Toprakları vardı Yerolakko’da. Ama Spiro’nun malda mülkte gözü yoktu. O Yerolakko’daki topraklarından feragat etmişti çoktan, umurunda bile değildi. O Kıbrıs’ta çözümü barışı hayal ediyordu, topraklarını geri almayı değil.
O doğduğu köyde yaşayamamıştı, tek istediği doğduğu köye gömülmekti. Bir mezarlık yer istiyordu sadece, annesinin babasının ve diğer aile büyüklerinin gömülü olduğu Yerolakko’da.
Yerolakko’ya beraber gitmiştik, hiç unutmam! O mezarlıkta dolaşırken gayrıihtiyari “Burası çok bakımsız, ürkütücü” diye mırıldanmıştım azacık Rumcamla. Spiro ise, elini omuzuma koyarak “Hiç önemli değil, yerin üstüne bakmam ben, benim annem babam burada yatıyor, toprağın altında” demişti hüzünle bakarak yüzüme.
O kendi yatağında akmak isteyen yaşlı bir dereydi.
Babamın çektiği hasretin prangalarını ben eskitmiştim.
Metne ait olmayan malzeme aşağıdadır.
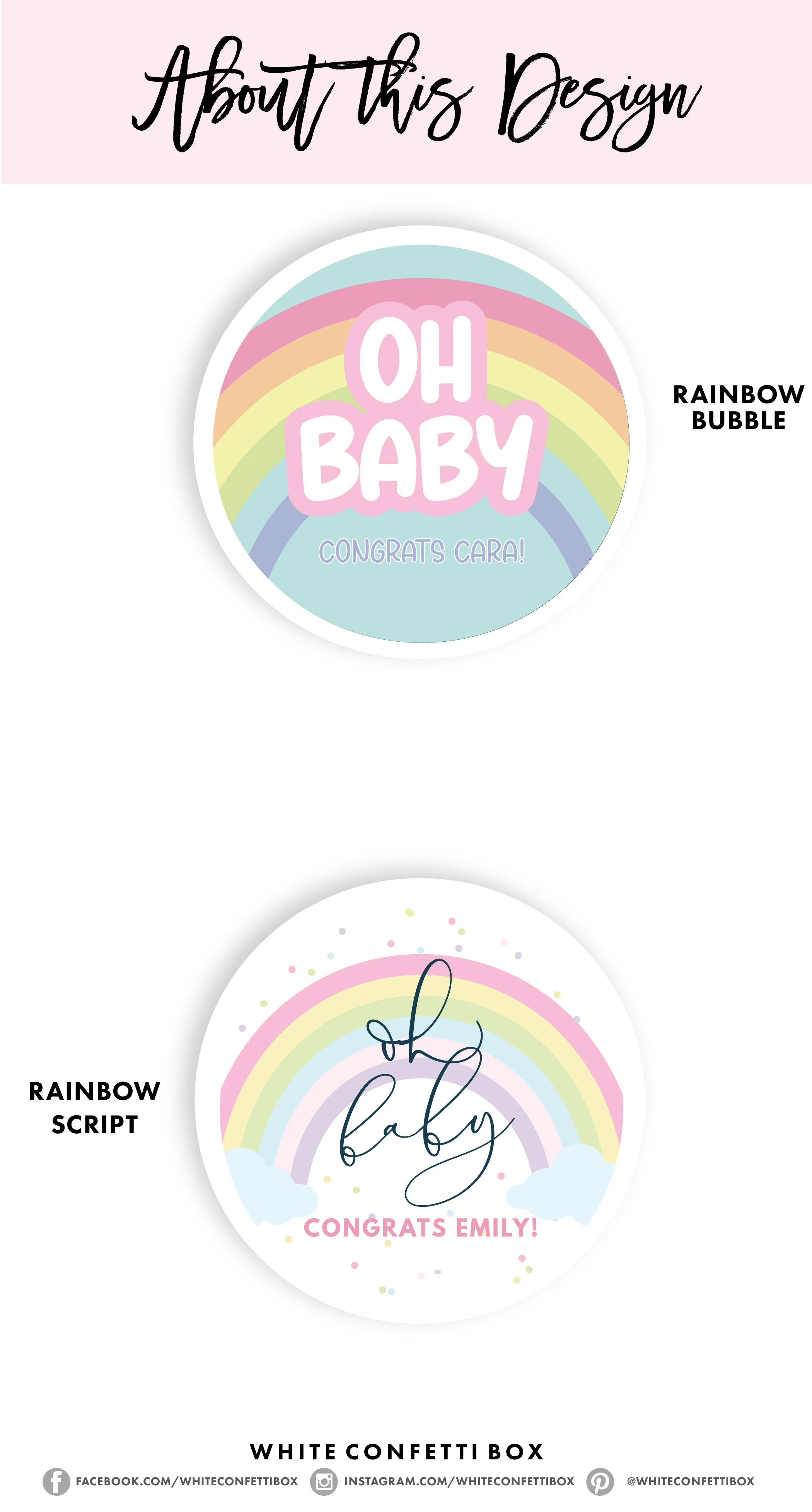 Chose-Your-Design-BABY-rainbow.jpg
Ben o damları güvercinli tavanları yüksek evlerin acısıydım, ağrısıydım o sokak kapılarının, o iç bahçelerin… Bilirdim evler gibi mezarlardaki ölülerin de kırıldığını insansız kalınca. Ne zaman doğduğu yerde yaşayamayan, doğduğu yerde gömülmek isteyen birini görsem, Seferis’in ardıç kuşları yetişirdi imdadıma. Spiro ile Yerolakko’ya gittiğim gün de öyle olmuştu.
İtiraz değildi, isyan da değildi, bilâkis tevekkülde son celseydi Spiro’nun hali. Sadece bir mezar yeriydi istediği doğduğu yerde. Bir yanda “Rumlara bir karış toprak vermeyiz” diyenler, bir yanda “Rumlara bir karış toprak verebiliriz” diyenler vardı ama “Rumlara bir karış toprak vermeyiz” diyenlerle, lütfedip bir karış toprak vermeyi kabul edenlerin ortak bir noktası vardı: İki taraf da, doğduğu yerde gömülmek isteyen Spiro’ya Yerolakko’da bir mezar yeri vermeyi toprak tavizi sayıyordu. En barışçı olanlar bile bu tabuyu aşamamışlar, Spiro’nun kendilerinden talep ettiği şeyi, başları ağrımasın diye gündeme getirmekten çekinmişlerdi…
Oysa ben o gün mezarlıkta, Spiro ağlamaya başlayınca, gel, gidelim buradan demiştim. Toprağın üstü kalsın. Buyur. Altını paylaşalım. Gel Spiro. Kopiase demiştim.